►
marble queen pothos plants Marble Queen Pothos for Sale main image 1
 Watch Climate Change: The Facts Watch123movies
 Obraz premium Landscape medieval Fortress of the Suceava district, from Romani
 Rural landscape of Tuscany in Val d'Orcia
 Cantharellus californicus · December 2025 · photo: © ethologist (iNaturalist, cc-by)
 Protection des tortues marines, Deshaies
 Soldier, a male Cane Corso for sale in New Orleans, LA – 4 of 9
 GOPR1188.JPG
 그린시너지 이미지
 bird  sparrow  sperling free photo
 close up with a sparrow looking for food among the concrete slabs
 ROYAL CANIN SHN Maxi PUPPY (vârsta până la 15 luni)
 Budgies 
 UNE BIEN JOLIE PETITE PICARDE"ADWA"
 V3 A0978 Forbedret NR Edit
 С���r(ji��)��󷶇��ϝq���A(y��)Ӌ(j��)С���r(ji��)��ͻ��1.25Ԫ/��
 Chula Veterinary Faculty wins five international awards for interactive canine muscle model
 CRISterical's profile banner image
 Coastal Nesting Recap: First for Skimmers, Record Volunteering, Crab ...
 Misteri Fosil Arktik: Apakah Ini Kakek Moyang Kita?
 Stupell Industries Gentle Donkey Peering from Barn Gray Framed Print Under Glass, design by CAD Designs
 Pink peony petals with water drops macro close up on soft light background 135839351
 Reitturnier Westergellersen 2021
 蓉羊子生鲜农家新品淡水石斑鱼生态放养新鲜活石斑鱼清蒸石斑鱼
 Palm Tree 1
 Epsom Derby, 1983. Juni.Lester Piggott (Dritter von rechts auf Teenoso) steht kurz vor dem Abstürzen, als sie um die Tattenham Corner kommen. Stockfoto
◄
- **Problem to work on**: Find the lines that mention "with" in the entries and show them.

- **Response**:
 close up with a sparrow looking for food among the concrete slabs
 Pink peony petals with water drops macro close up on soft light background 135839351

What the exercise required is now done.